出版業界の情報その1
翌朝起きてみると、体中がだるくて気持ちが悪い。
荷物の中には体温計はなかったが、たぶん、少し熱がありそうだ。昨日、夢中になって色々あちこち動きすぎたのかもしれない。寝る時間も相当不規則だったしな。
その日は、俺は、出かけるのを止めにしてそのまま寝てることにした。時間は十分にある。当座の金さえあればニートって素敵かも。不本意な理由でニートやってるやつには悪いが。
俺は、結局その日の朝のうちは、そんなことを眠気のとれないぼんやりした頭で考えながら、布団から出ずに過ごしていた。昼過ぎになると多少は目が覚めてきたのでようやく起き出した。ただ、飯を食べてからもまだ少し身体が重く外出する気にはならなかったので、図書館で借りてきた子ども用の文字を覚えるための教材を適当にめくりながら目を通してみた。
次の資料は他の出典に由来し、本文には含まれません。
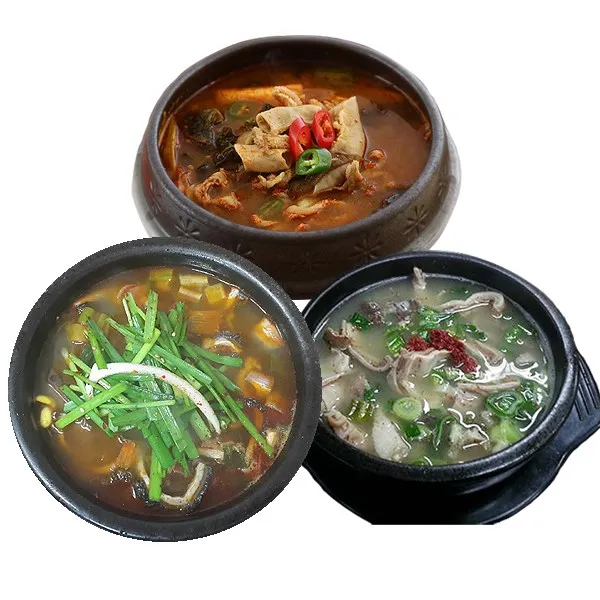 3품목 9봉 내장탕3 양평해장국3 돼지국밥3, 5400g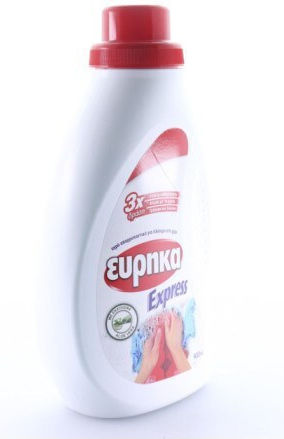 Ευρηκα Express Υγρό Απορρυπαντικό Ρούχων για Πλύσιμο στο Χέρι 900ml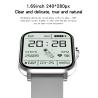 Buy cheap Blood Pressure Sporty Smart Watch 5ATM Pink Smart Watch Waterproof from wholesalers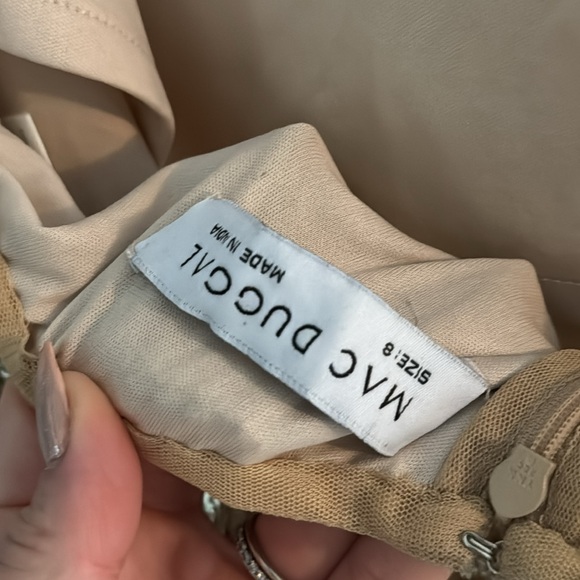 Mac Duggal Strappy Back Sequin Gown - Picture 10 of 10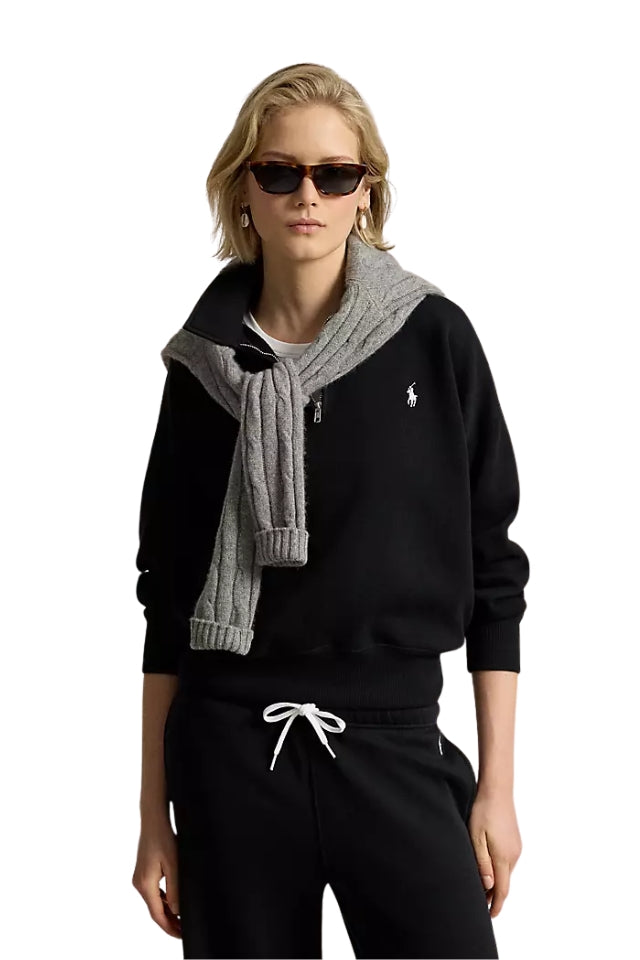 Quarter-Zip - Polo Black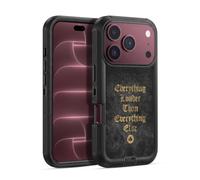 Head Case Designs Officially Licensed Motorhead Everything Louder Key Art Ultra-Armoured Shockproof Case [Military Grade Protection] Compatible With Apple iPhone 18 Pro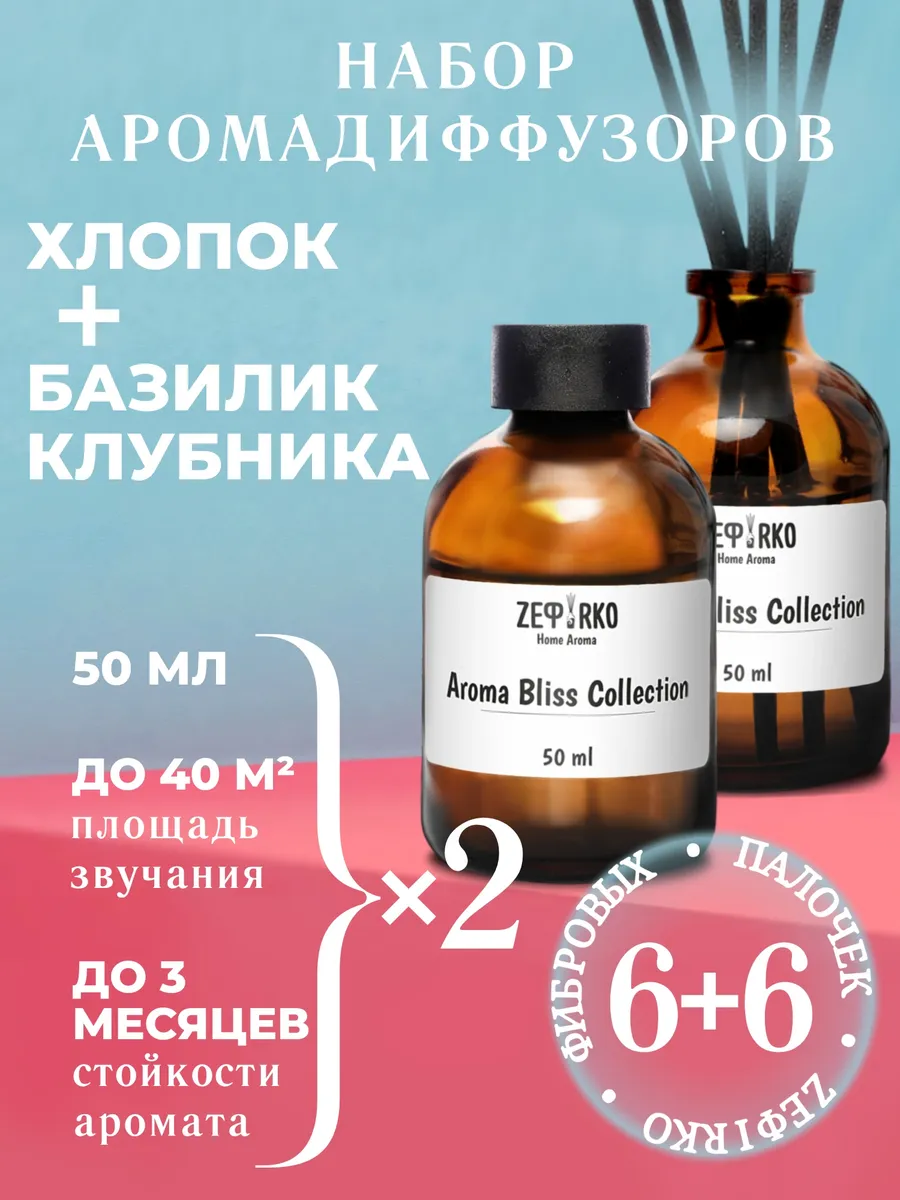 Парфюмерия для дома с палочками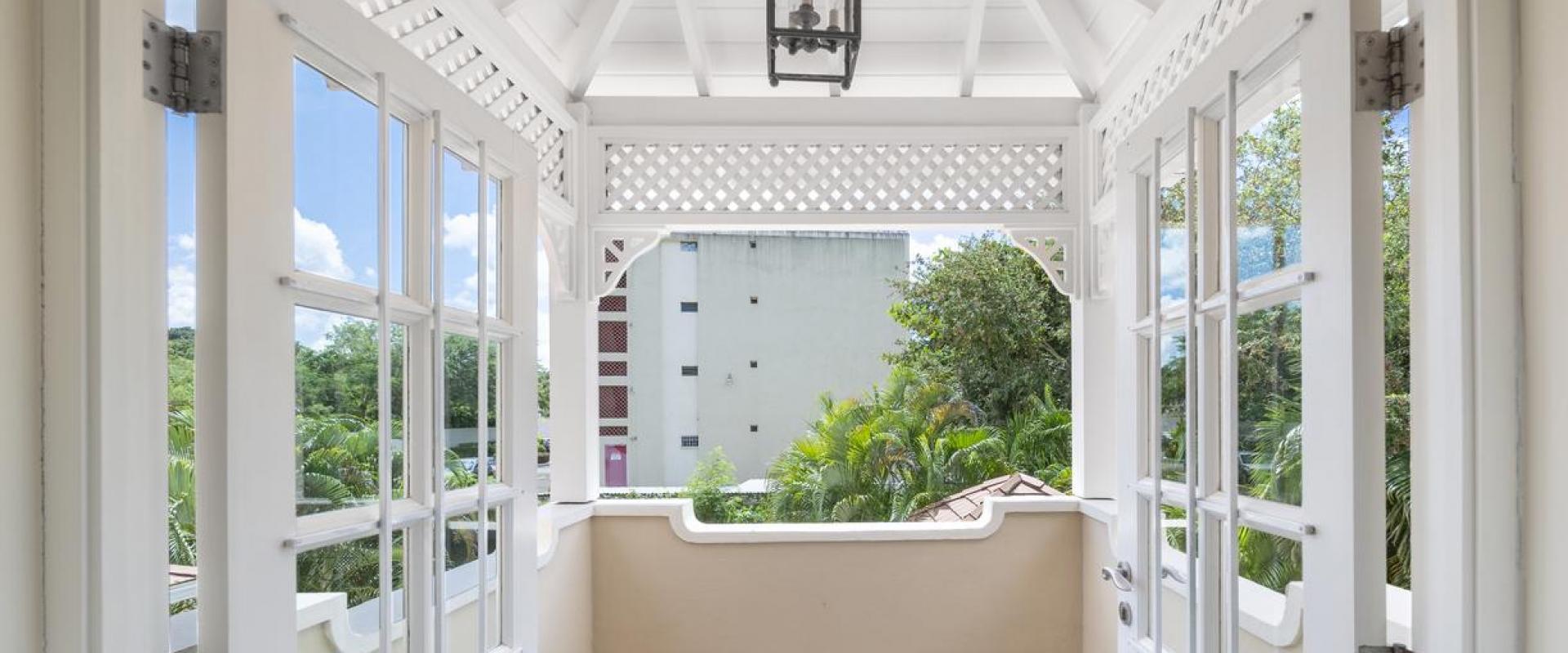 Tara Barbados 4 Bedroom Holiday Rental Villa Primary Bedroom Balcony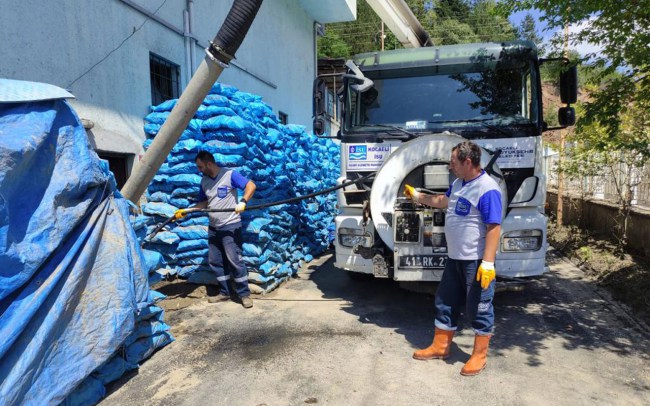 Kocaeli, sel bölgesindeki yaralara merhem oluyor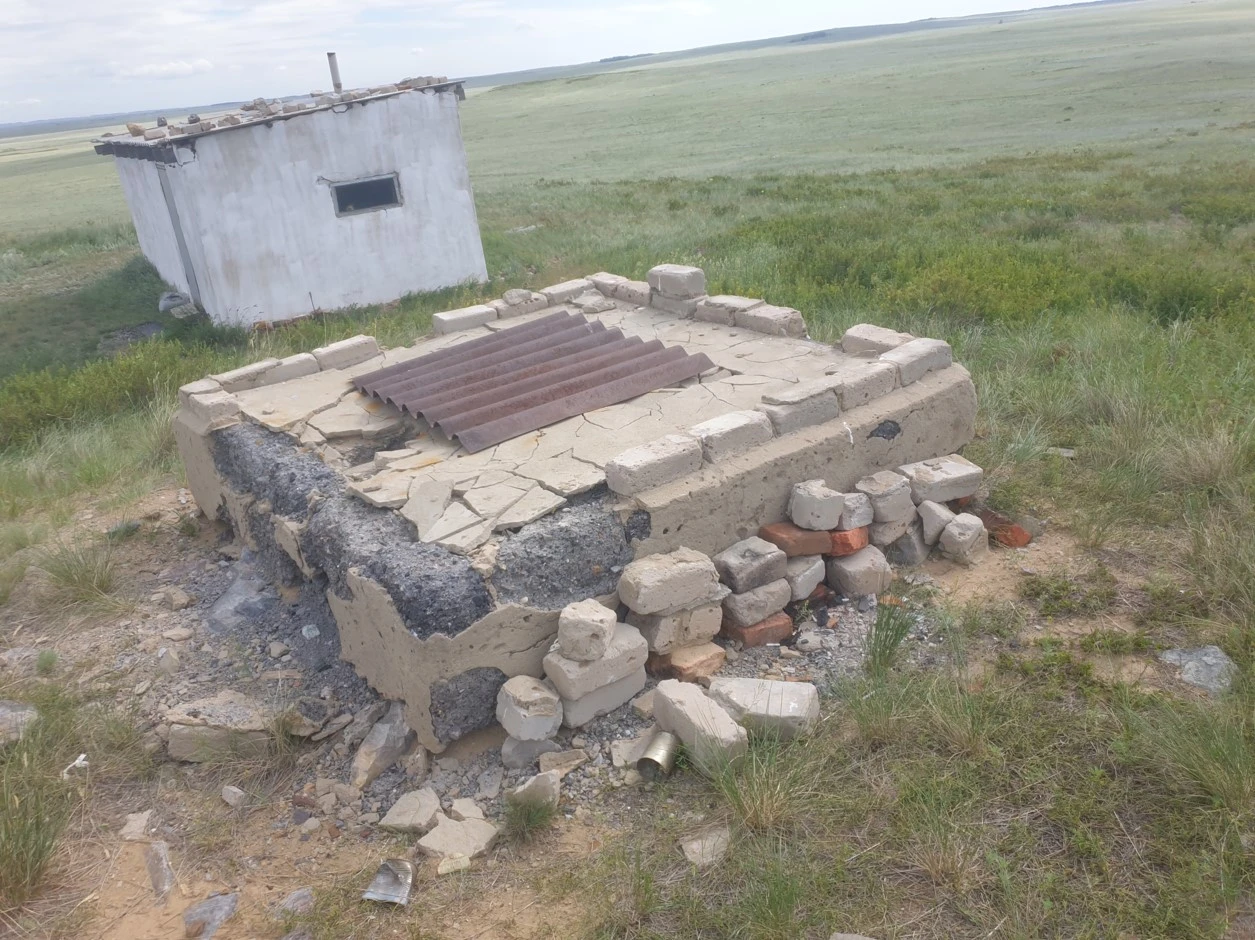 Хан ізі қалған Қарауылтөбе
オーディオブックということでCDプレイヤーがないと音は聞けないが、幼児用のひらがなとカタカナのドリルはさすがに50音順に並んでおり、しかも、大半は文字の形が変わってはいたが面影は残ってるようなので、特に音声がなくても見当がついた。とにかく、ひらがなとカタカナ、それと自分の名前くらいは読み書きできるようにならないとな、バイトするにも履歴書も書けん。いやいや、小説応募したりするのにも郵便物も送れない、か。
結局、その日は、1日ごろごろしながら時々読み書きの練習をして過ごした。
……翌朝、外は小雨交じりの曇天だったが、熱は下がったようで体調も戻ってきたみたいだった。
俺は、朝食を食べてから、市役所に向かった。まだ、傘を買ってなかったことに気づいたので、途中のコンビニまで走って行き、ビニール傘を買ってそのまま市役所に歩いて行く。
(だいぶ慣れてきたとはいえ、こんなところまで一緒なんだな)
ビニール傘を差して歩きながら、改めて西暦2万7025年のこの世界と俺のいた世界にほとんど違いがないことに妙に感心していた。本当に時代の連続性はあるのだろうか……。
まあ、世界5分前創造説だったかな、名前はとにかく、世界が実は5分前に始まっていてそれ以前の記憶は全てその時に植え付けられたものだ、みたいな話だ。突飛な話ではあるが、その5分前創造説を誰も否定しきれないことからすると、元々人間には5分以上前の世界と今の世界が本当に連続性のあるものなのかどうかすら確かめる方法ないってことなのだろう。だとしたら、転生後の自称西暦2万7025年と俺のいた世界の歴史が本当につながっているのかなんて、考えても分かるはずもない。いや、むしろ、分からないというより問いの方が間違っているんだろう。
……市役所につくと、そのまま2階に上がり、情報提供サービス課で番号札を取ってベンチで待つ。1回目も2回目も5分くらいですぐに呼ばれたが、その日は10分以上待たされた。上実が俺の専任になったせいもあるのだろう、今日は前がちょっと詰まっているようだ。
(ああ、そうだ。今日は本題の出版関係の話を聞いたら、ちょっと上実のこと聞いてみるか。だいたい何で情報提供サービス士ってあんなに何でも知ってて即座に答えられるのか本当に謎だしな)
そんなことを考えながら待っていると、持っている番号札の番号が呼ばれた。
「2番提供室にお入りください」
部屋に入ると、これまでと変わらないセミロングの赤みがかった髪が美しい上実が、これもまた変わらず澄んだ声優のように聞き取りやすい話し声で、
「おはようございます。杉田様。これより、情報提供サービスを始めさせていただいてよろしいですか?」
と尋ね、俺の『はい、お願いします』という返事を待ってから、事務机の上のタイマーのボタンを押した。